STORED DATA START

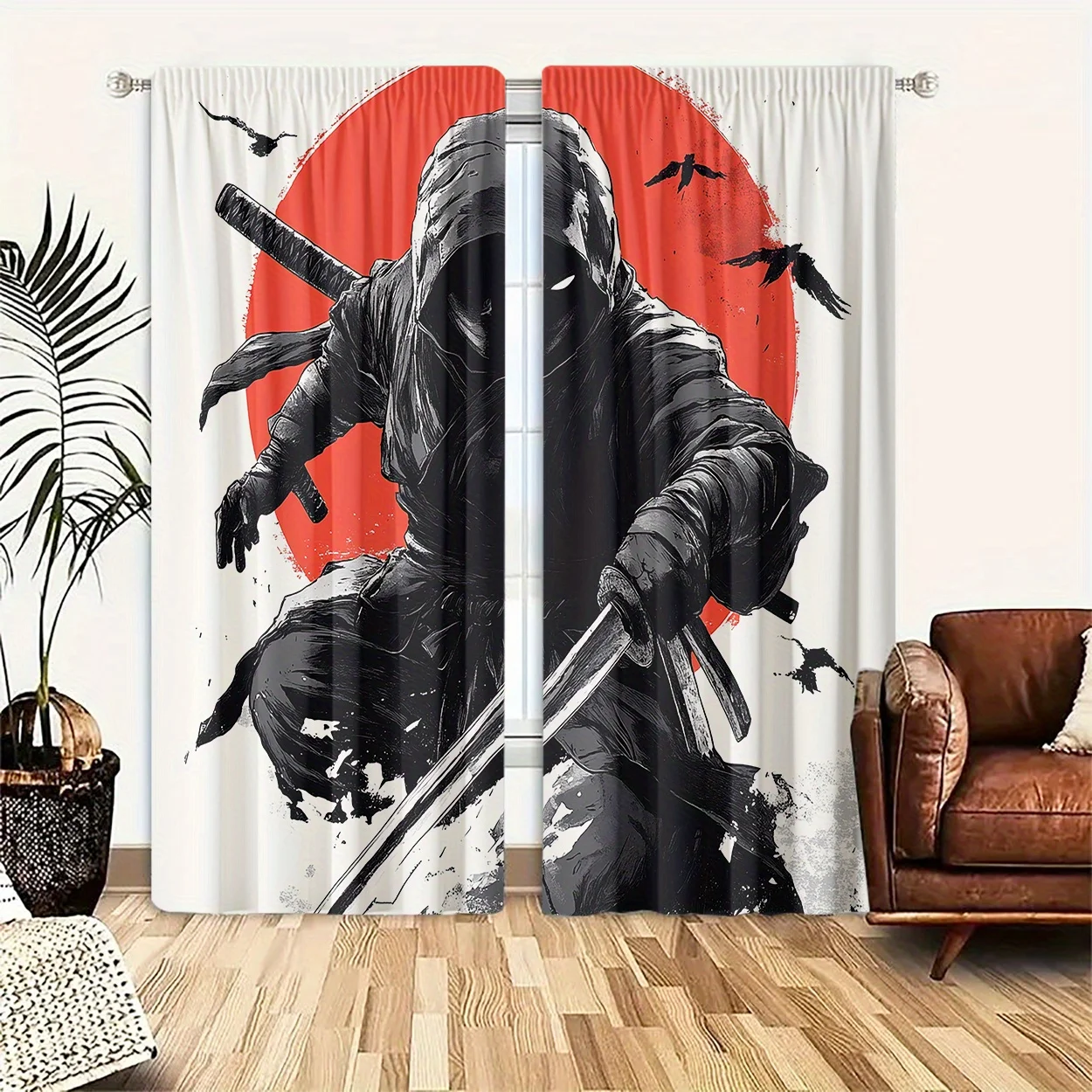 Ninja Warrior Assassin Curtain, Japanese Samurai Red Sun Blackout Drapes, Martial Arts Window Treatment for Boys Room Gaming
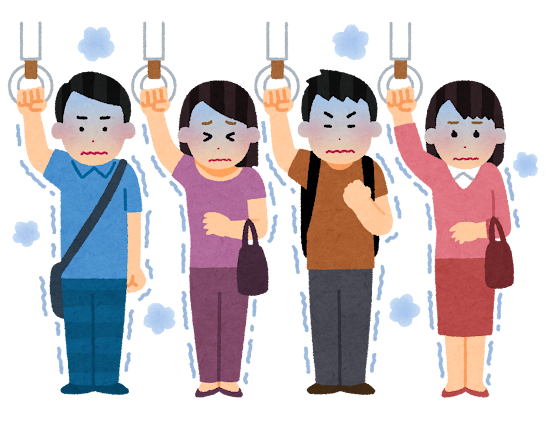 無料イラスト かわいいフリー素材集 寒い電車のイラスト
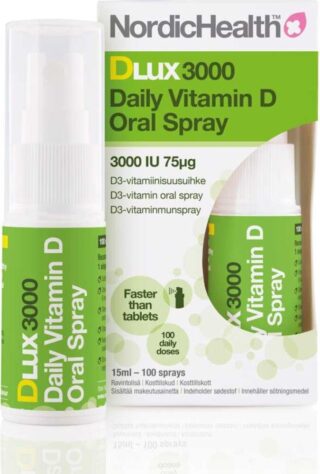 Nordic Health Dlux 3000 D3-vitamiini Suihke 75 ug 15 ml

STORED DATA END

Set down, in exact form, only the lines that start at the one containing "無料イラスト かわいいフリー素材集 寒い電車のイラスト" and finish at the last line of the material; pictures do not go in.

EXERCISE RESULT -
 無料イラスト かわいいフリー素材集 寒い電車のイラスト
 Nordic Health Dlux 3000 D3-vitamiini Suihke 75 ug 15 ml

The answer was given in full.